Congressman
CHARLIE STENHOLM

17th District of Texas

 

 

 

1211 Longworth Bldg.
Washington, DC 20515
(202) 225-6605

P.O. Box 1237
Stamford, TX 79553
(915) 773-3623

1500 Industrial #101
Abilene, TX 79602
(915) 673-7221

33 E. Twohig #318
San Angelo, TX 76903
(915) 655-7994

AG TALK
By Charlie Stenholm
March 1, 2002

Farm Bill Action

With the Senate having finally passed their version of a farm bill, preparations are under way between the House and Senate to prepare for a conference to work out the differences between these two very different pieces of legislation.

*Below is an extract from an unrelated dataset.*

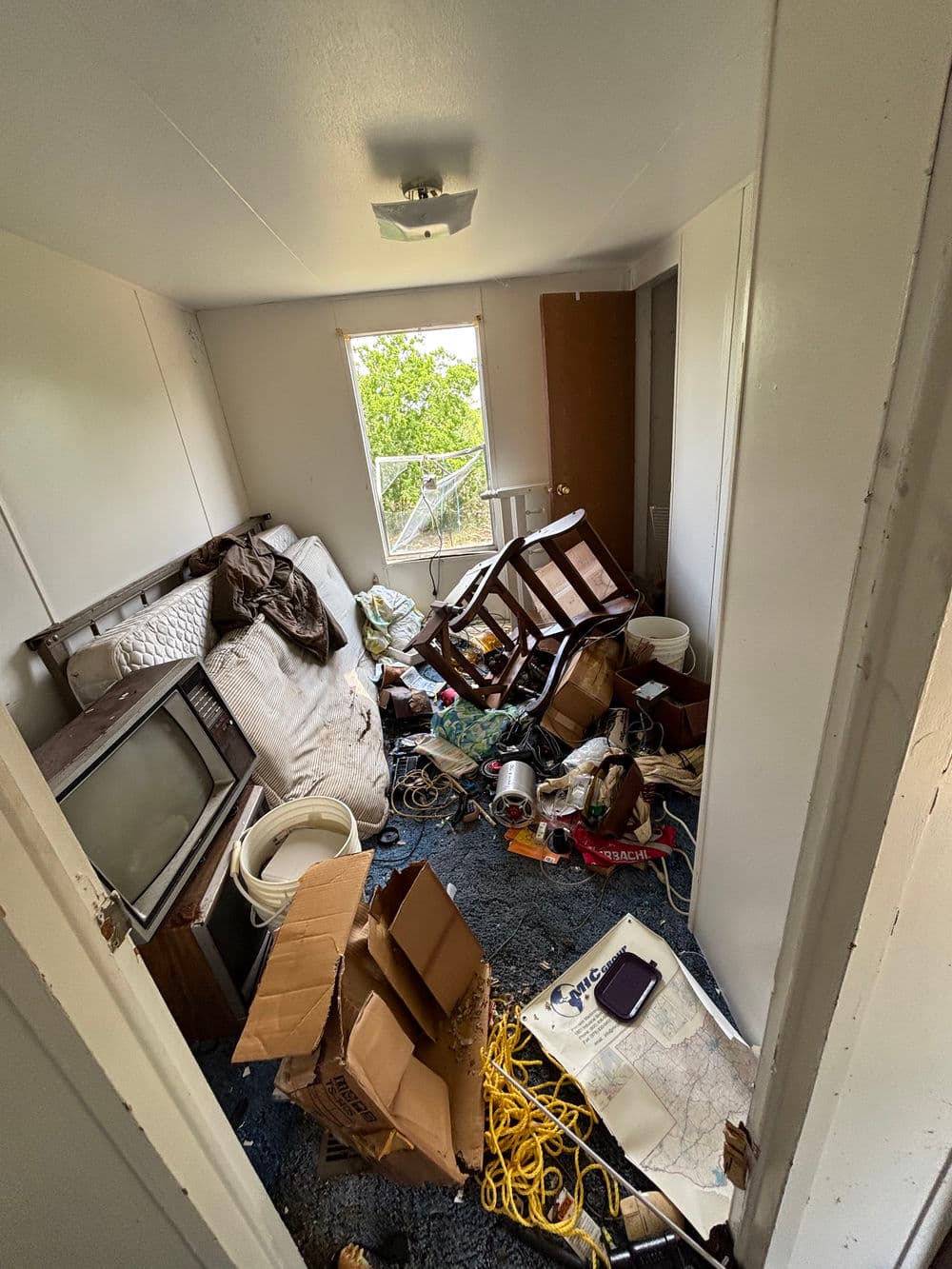 Cluttered room filled with trash, old furniture, and disorganized items, showcasing neglect.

The Senate version is more than 1,300 pages long, compared to less than 400 pages in the House bill, and this conference is not going to be an easy one.

The House version of this bill seeks to improve the competitiveness of American farmers and ranchers, strengthen the rural economy, and preserve and protect environmental resources.

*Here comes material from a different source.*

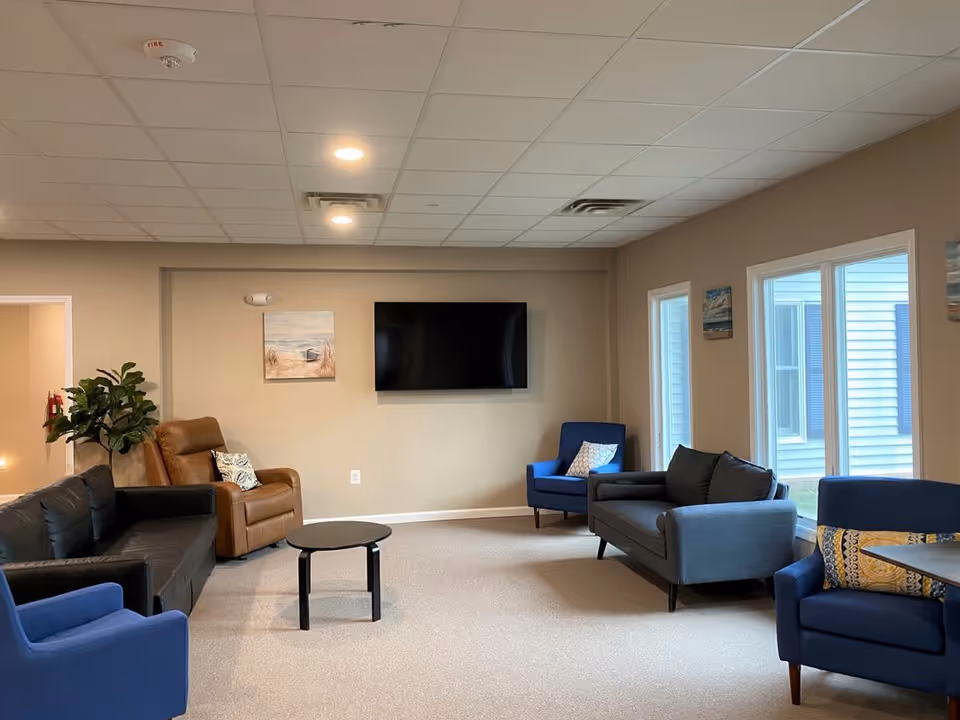 A cozy living room with beige walls and carpeted floor featuring a black leather sofa, a brown recliner, two blue armchairs, and a gray loveseat. A small round black coffee table is in the center. A flat-screen TV is mounted on the wall above a beach-themed painting. Large windows on the right side let in natural light.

It also attempts to provide adequate nutrition to Americans in need, expand markets, promote food security abroad, and continue to ensure an adequate supply of safe, affordable food and fiber for the nation.

On February 28, House conferees were appointed to manage the conference committee and oversee the passage of the bill.

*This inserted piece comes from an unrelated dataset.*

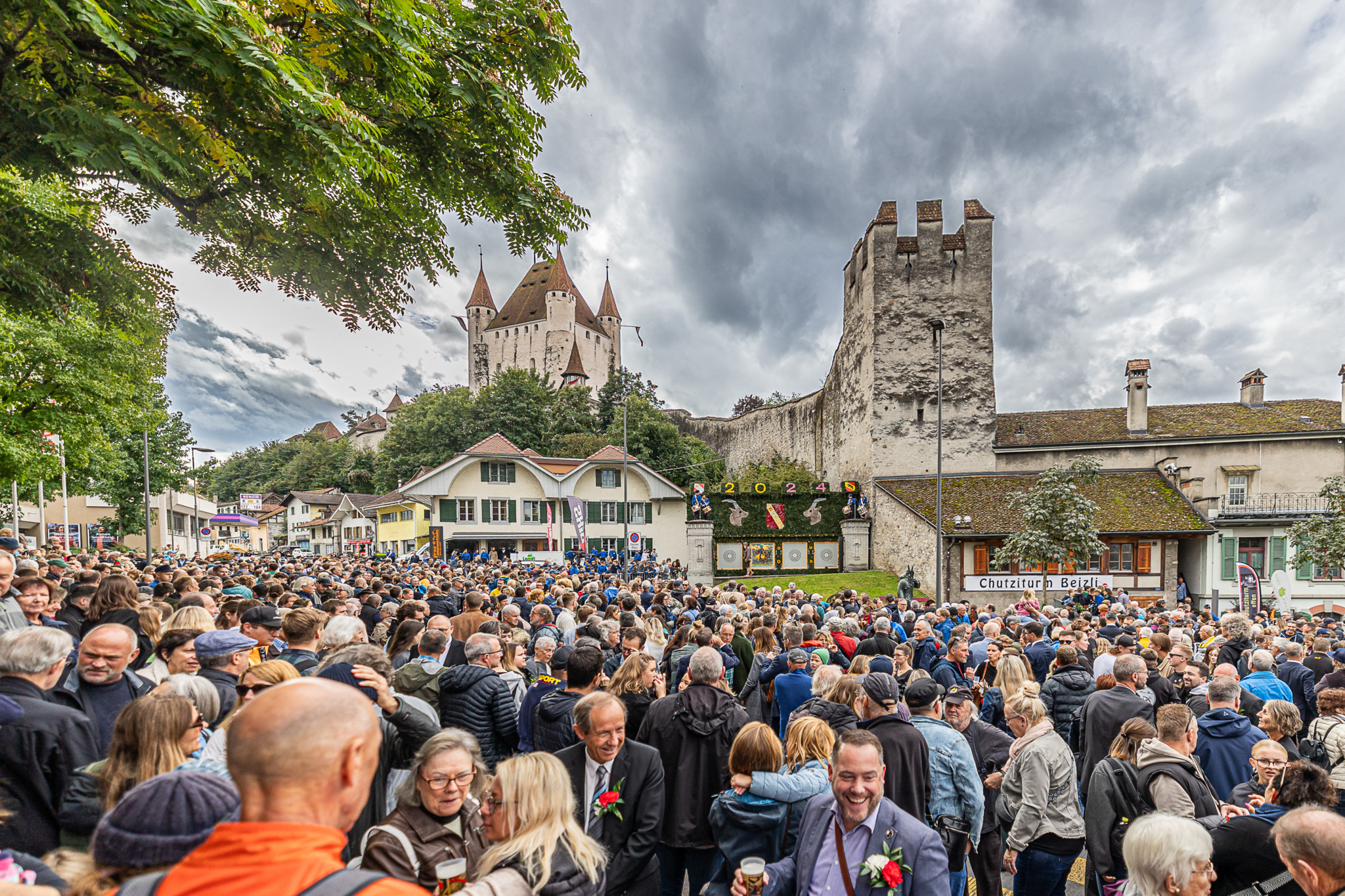 Menschenmenge beim Gesslerschiessen am Ausschiesset 2024 vor einer historischen Burg unter bewölktem Himmel versammelt.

As the ranking member of the House Agriculture Committee, I was named a conferee, and I look forward to beginning negotiations so that we can complete a farm bill as soon as possible.

The big question everyone is asking these days is just how long it will take to complete a farm bill. Estimates range from three weeks to six months.

My own preference would be to complete the farm bill by March 22 and have it at the White House for the president’s signature by Easter.

It is my hope that we will have a new farm bill by the March 22 Easter recess, but the completion time is difficult to predict.

Among the major differences that must be resolved are the following: payment limitations, the duration of the farm program, and how much money will be directed toward conservation and nutrition versus crop production.

The House version caps farm subsidy payments at $550,000, whereas the Senate bill places a limit at $275,000.

The House bill renews farm programs through 2011 with a ten-year bill, while the Senate bill renews programs through 2006.

Last year’s budget earmarked $73.5 billion in additional agriculture spending over the next ten years.

While the House bill spreads this amount evenly over ten years, the Senate farm bill spends 61% of this amount in the first five years.

The White House would like to see an even level of spending over this ten-year period and prefers the House bill.

While the House farm bill would spend more for commodity support, the Senate bill proposes to spend more on conservation and nutrition programs.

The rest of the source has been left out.